McDowell County is an American story that deserves a new chapter—one filled with promise, with goodwill, with the type of shared commitment that offers solid reasons to believe in a brighter future. Reconnecting McDowell, an unprecedented partnership of public and private groups is helping the citizens write this new chapter. It’s a revision befitting this small Appalachian community, seated deep in the mountains on the southern fringe of West Virginia, where too much of the narrative over the past half-century has been darkened by hardship, isolation and loss.
In the 1960s, the coal industry began pulling out of McDowell County, taking well-paying jobs with them. And while “boom-bust” cycles are common in local economies rooted in natural resources, McDowell County has been stuck on “bust” for 30 years running:
- In 1965, the county boasted more than 120,000 people. Today, barely 22,000 Americans call McDowell County home.
- Almost half the residents receive some form of public assistance.
- Among West Virginia counties, McDowell consistently ranks at or near the bottom in measures of health, income and education.

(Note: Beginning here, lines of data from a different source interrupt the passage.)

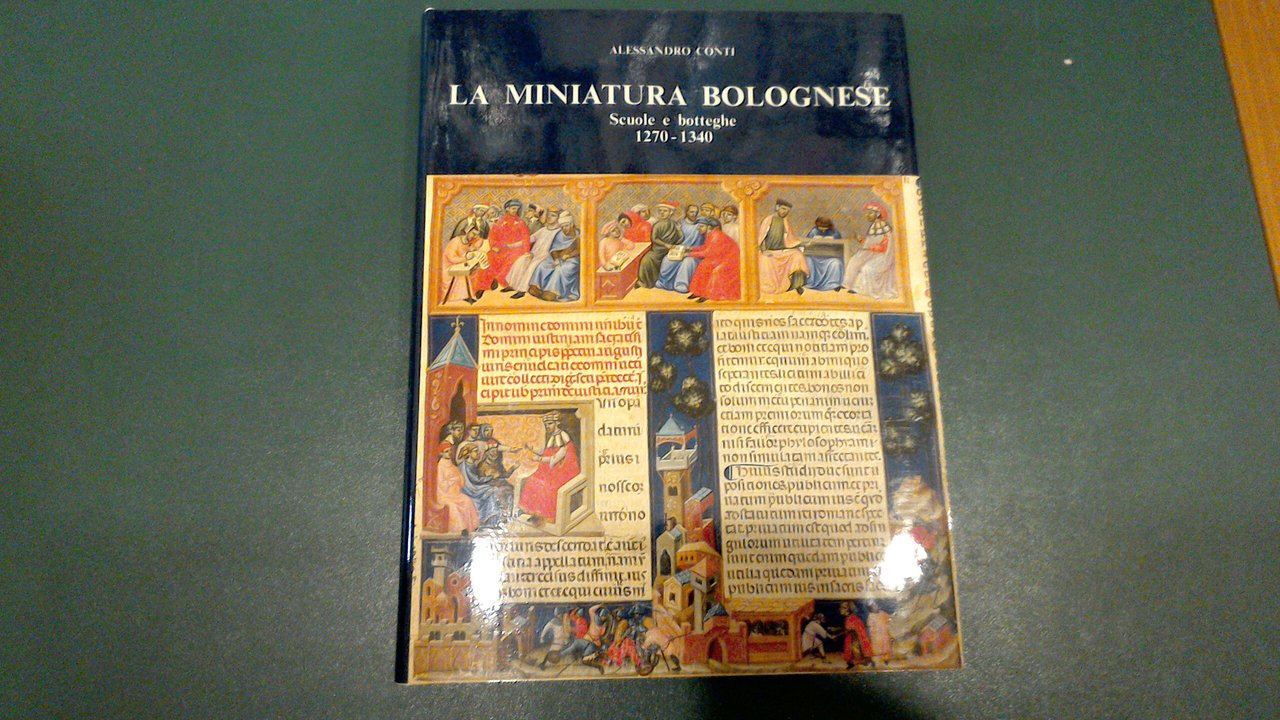 La miniatura bolognese - scuole e botteghe 1270-1340
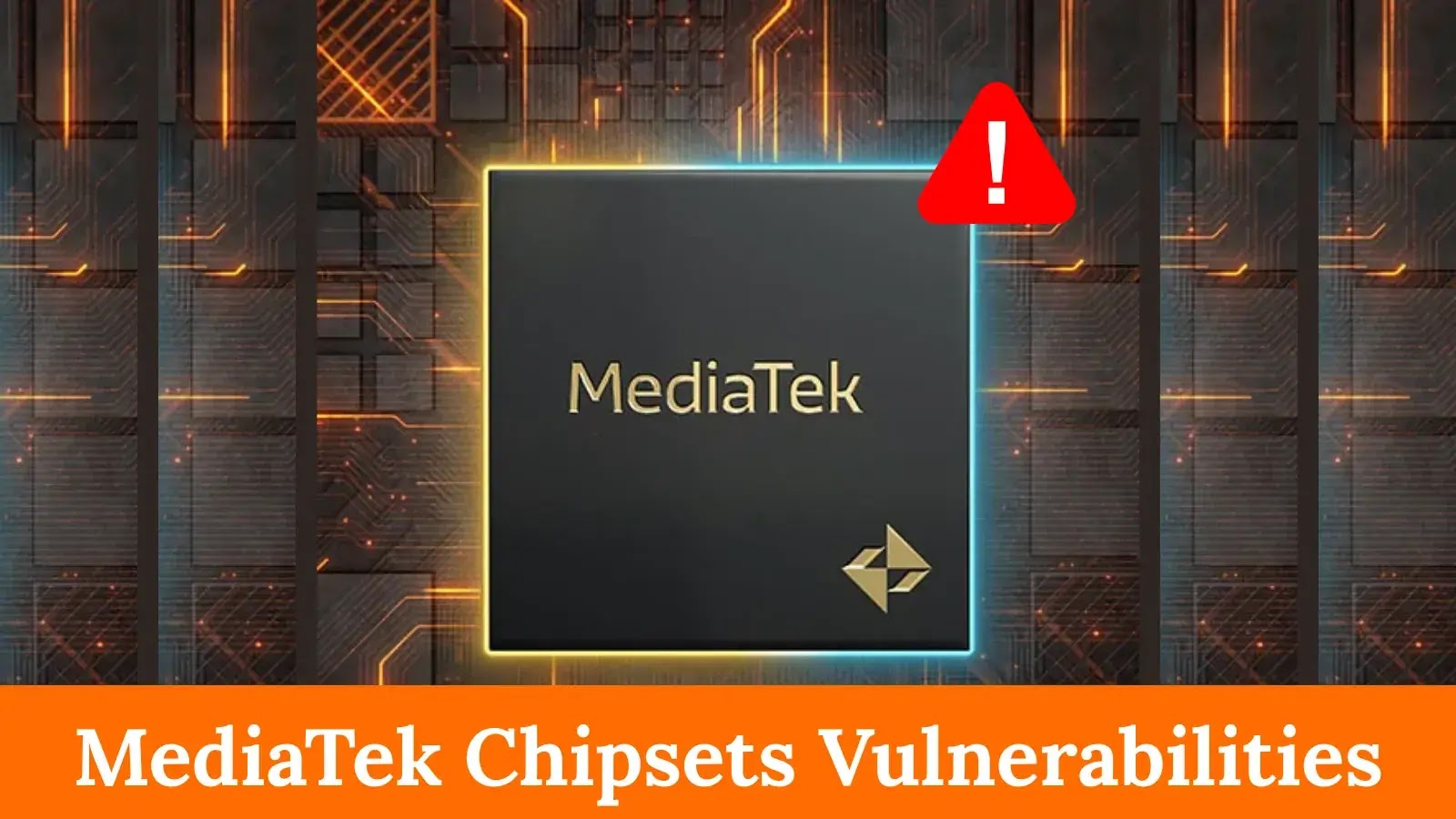 MediaTek Chip Vulnerabilities Allow Attackers to Gain Elevated Access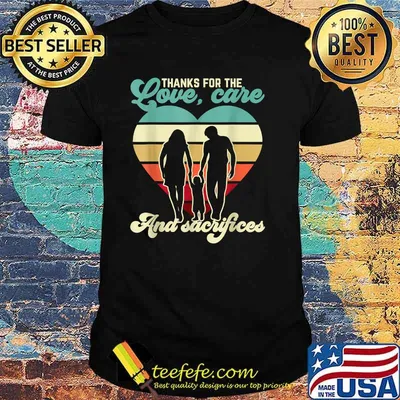 Thanks For the Love, Care And Sacrifices For A Parents Day Vintage T-Shirt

- The County is the sixth poorest one in the nation
- It leads the nation in the number of overdose deaths from narcotic pain medications
Reconnecting McDowell is a comprehensive, long-term effort to make educational improvement in McDowell County the route to a brighter economic future. Partners from business, foundations, government, nonprofit agencies and labor have committed, in a signed covenant, to seeking solutions to McDowell’s complex problems—poverty, underperforming schools, drug and alcohol abuse, housing shortages, limited medical services, and inadequate access to technology and transportation. Each partner has agreed to provide services, money, products and/or expertise to lift McDowell County’s schools, students and their families.
None of this will be easy or quick; the problems in McDowell County have been decades in the making. But by working together with the amazing people who live there, and by assembling, coordinating and sustaining the educational, social and economic supports they need, we are confident that this resilient community will be on a path to reconnecting its hopes for the future.